# Model form

This notebook introduces the model form, its connections to tensor methods, and equivalent parameterizations shown in the paper.

At the end, we construct each experts' weights explicitly, showing the absence of structural low-rankness.

In [1]:
import torch

In [None]:
torch.random.manual_seed(42)

input_dim = 16
output_dim = 64
n_experts = 32

C = torch.randn(n_experts, output_dim)
W = torch.randn(input_dim, output_dim)

D = torch.randn(input_dim, output_dim)

# dummy gating parameter -- any linear transformation
G = torch.randn(input_dim, n_experts)
E = torch.randn(input_dim, input_dim) # dummy encoder

x = torch.randn(input_dim) # pre-MLP token representation
z = torch.nn.functional.gelu(E.T@x) # hidden units, with whatever activation function
a = torch.nn.functional.softmax(G.T@z, dim=0) # generate the conditional units (or 'expert coefficients') 

# Hadamard-factorization

Our weight tensor $\boldsymbol{\mathcal{W}}\in\mathbb{R}^{N\times H \times O}$ is defined elementwise as

$
    \boldsymbol{\mathcal{W}}(n,h,:) = \mathbf{c}_n * \mathbf{d}_h \in \mathbb{R}^{O},
      \quad \forall\,n\!\in\{1,\ldots,N\},\; h\!\in\{1,\ldots,H\}
$

Constructing the tensor explicitly:

In [3]:
W = torch.zeros(n_experts, input_dim, output_dim)

for n in range(n_experts):
    for h in range(input_dim):
        W[n, h] = C[n] * D[h] # note: all O-dimensional vectors

**Note**, as per Appendix *Sect. A.3.1*, we can also understand this parameterization through the khatri-rao product:

$
\mathbf{W}_{(3)} := \left(\mathbf{C} \odot \mathbf{D}\right)^\top\in\mathbb{R}^{O\times(N\cdot H)}.
$


In [4]:
import tensorly as tl
tl.set_backend('pytorch')

W_kr_unfolded = tl.tenalg.khatri_rao([C, D]).T # parameterize the mode-3 unfolding
W_kr = tl.fold(W_kr_unfolded, mode=2, shape=W.shape) # and re-shape

assert torch.allclose(W, W_kr, atol=1e-6)
print("Khatri-Rao parameterization is equivalent")

Khatri-Rao parameterization is equivalent


# Forward pass

The full MxD forward pass is given by:

In [5]:
y_mod = torch.zeros(output_dim)
for n in range(n_experts):
    # linear combination of N experts' outputs
    y_mod += a[n] * W[n].T @ z

And the equivalent forward pass from Lemma 2:

$
\mathbf{y} = (\mathbf{C}^\top\mathbf{a})
*
(\mathbf{D}^\top\mathbf{z})
$

In [6]:
y = (C.T@a) * (D.T@z)

assert torch.allclose(y, y_mod)
print('Elementwise equals explicit MoE!')

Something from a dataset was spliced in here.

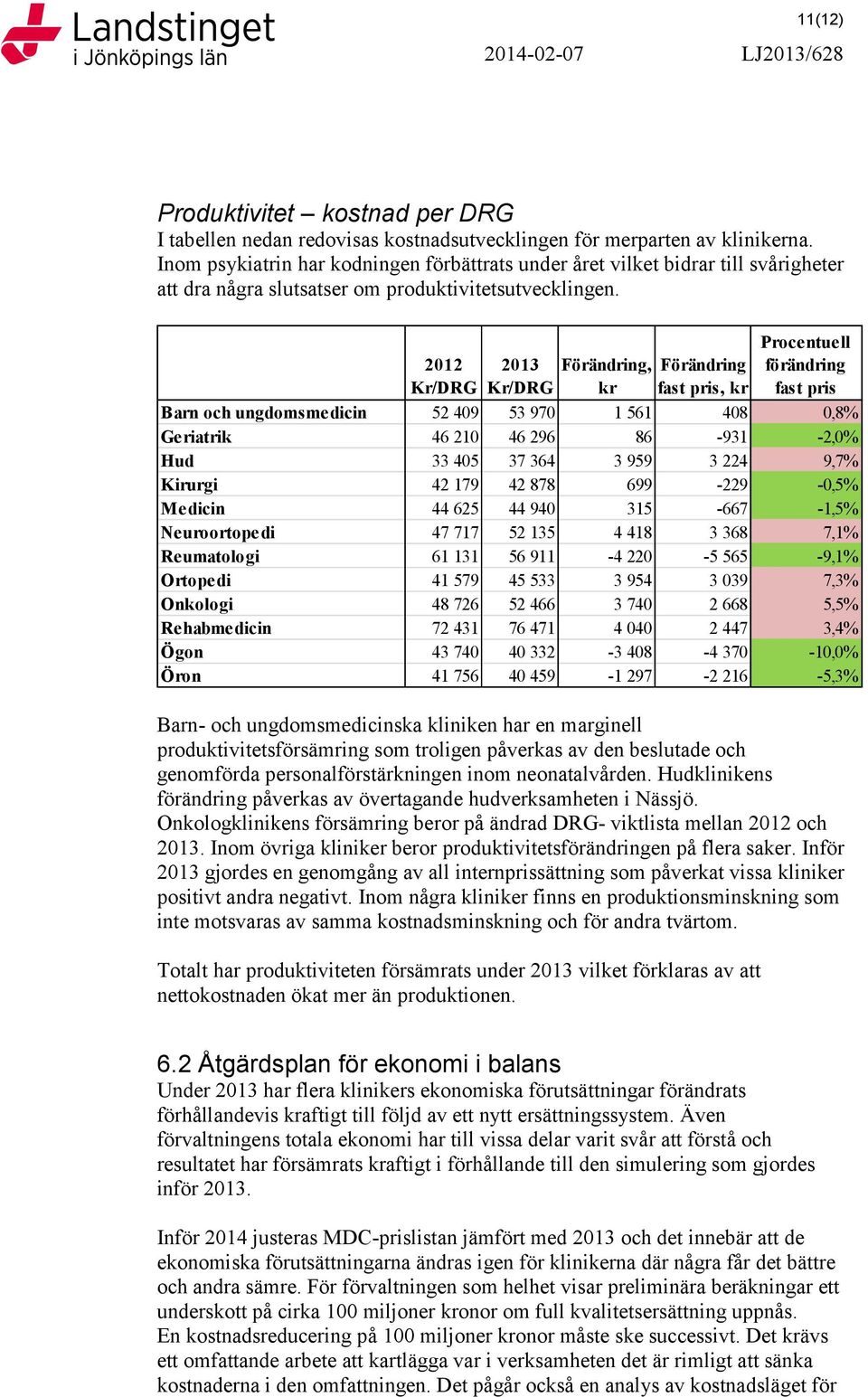 2012 Kr/DRG 2013 Förändring, Kr/DRG kr Förändring fast pris, kr Procentuell förändring fast pris Barn och ungdomsmedicin 52 409 53 970 1 561 408 0,8% Geriatrik 46 210 46 296 86-931 -2,0% Hud 33 405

Elementwise equals explicit MoE!


Or, as a series of two tensor contractions (following the tensorized interpretation in *Sect. A.3.2* of the Appendix):

In [7]:
import tensorly as tl
tl.set_backend('pytorch')

y_moden = tl.tenalg.multi_mode_dot(W, [a, z], modes=[0, 1])

assert torch.allclose(y, y_moden)
print('Elementwise equals mode-n product forward pass!')

Elementwise equals mode-n product forward pass!


# Full-rankness

We can also verify the (normalized) rank of each expert is close to 1 when randomly initialized (i.e., there are no structural rank constraints)

In [8]:
y_rank = torch.zeros(output_dim)

ranks = []
for n in range(n_experts):
    Wn = D@torch.diag(C[n]) # materialize the nth expert
    
    ranks += [torch.linalg.matrix_rank(Wn)]

    # compute the output again to assert correctness
    y_rank += a[n] * Wn.T @ z

assert torch.allclose(y_rank, y_mod)
print('Elementwise equals explicit MoE!')

Elementwise equals explicit MoE!


In [9]:
print('Mean (normalized) rank of experts:')
torch.mean(torch.stack(
    [rank / min(input_dim, output_dim) for rank in ranks]
)).item()

Mean (normalized) rank of experts:


1.0